Farah Jadran was forced to put her 12-year-old Rotteweiler, Rocky, above, to sleep last month after he was attacked by a loose pit bull in their East Side neighborhood.
Photo by Ami Olson.
SYRACUSE Seventy-nine dollars.
That’s how much it cost a city of Syracuse resident to claim his dog after it had been loose, unlicensed, and responsible for brutally attacking another dog
so badly that the other dog had to be put down.
At approximately 4:40 p.m. Thursday, Aug. 11, my wonderful dog, Rocky, was attacked and killed by a large pit bull running loose on the city’s East Side. Rocky, a Rottweiler, was 12 years old and already fighting age-related ailments in his back, a knee and a hip.
Rocky was smelling some flower bushes in my next-door neighbor’s yard when this dog started a full-out brawl in the street that lasted for about 25 minutes. After lunging at me, the dog turned its attention to Rocky, who, in his honor, risked his own life to save mine.
I never left Rock’s side once the fight began, which prohibited me from calling 911.
Numerous bystanders watched, but my neighbor Andy jumped in after a few minutes to help me.
We tried using large pieces of wood to pry the dog’s jaw open to release Rock’s neck from its grip. Instead, the dog broke off two pieces of wood in its mouth -- nothing was working.
During this fight I noticed two bystanders dialing 911 and yelling to me to ask, “Do you know whose dog that is?” No one, among the dozen or more onlookers said they knew the dog’s owner.
Finally, Andy got the idea to use a golf club for the dog to bite down on. When he told me to get away, I was in shock -- the fight was actually over? I turned around and finally saw a black-and-white parked in front of my house.

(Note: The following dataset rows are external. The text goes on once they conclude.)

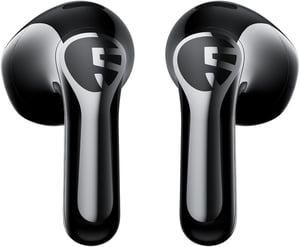 Căști wireless semi-in-ear SoundPEATS Air6 HS Bluetooth 6.0, 13 mm, tri-magnetic, LDAC, Hi-Res, ENC, IPX5, 45 ore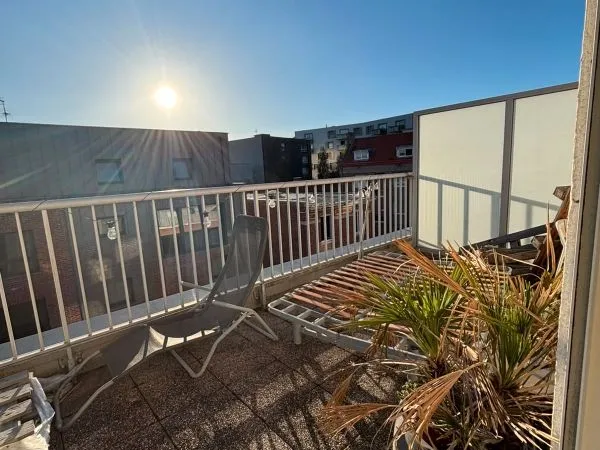 Location studio meublé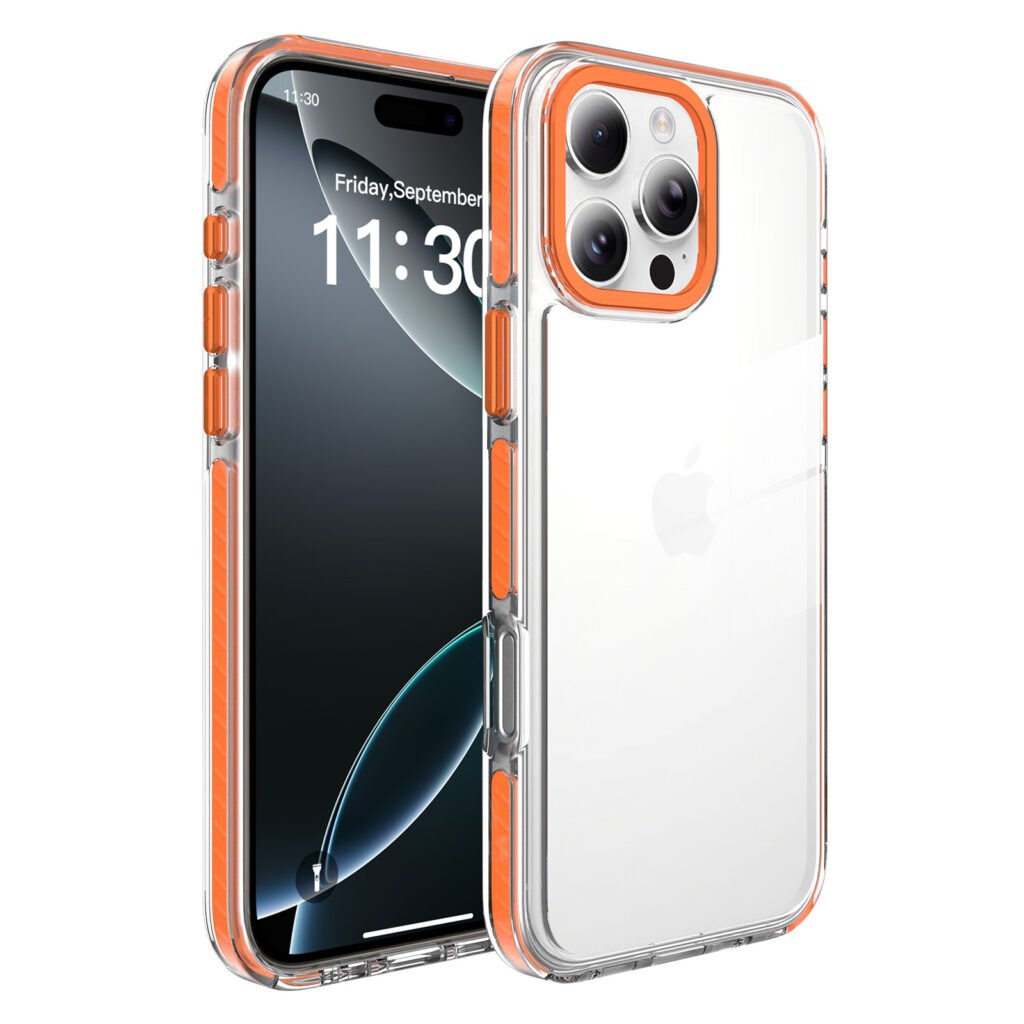 iPhone 16 Pro Max in vibrant dual colors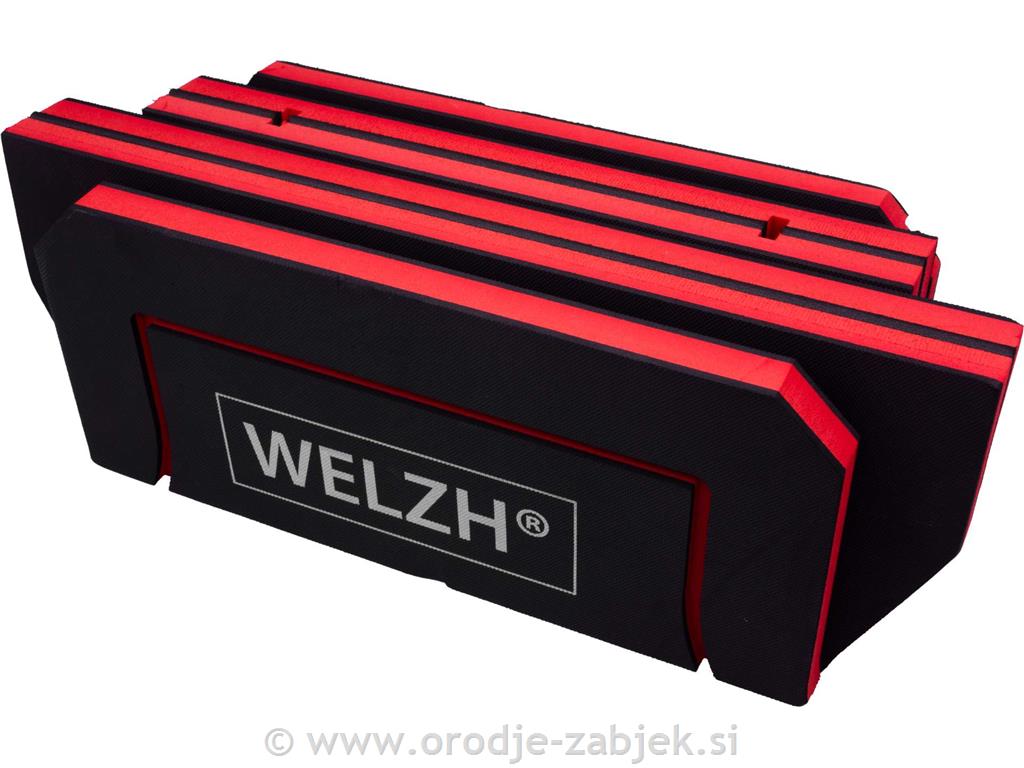 Zložljiva delovna podloga WELZH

I held Rock’s chest up as I ran away from the other dog and into my house. His legs were so badly mangled he couldn’t walk. I rushed as the dog escaped Andy and chased me up my front stairs. I was trapped in my home until Syracuse Police deemed it safe enough for an officer to unlock my car for me and give me a green light on when it was safe to exit my home with Rock in my arms.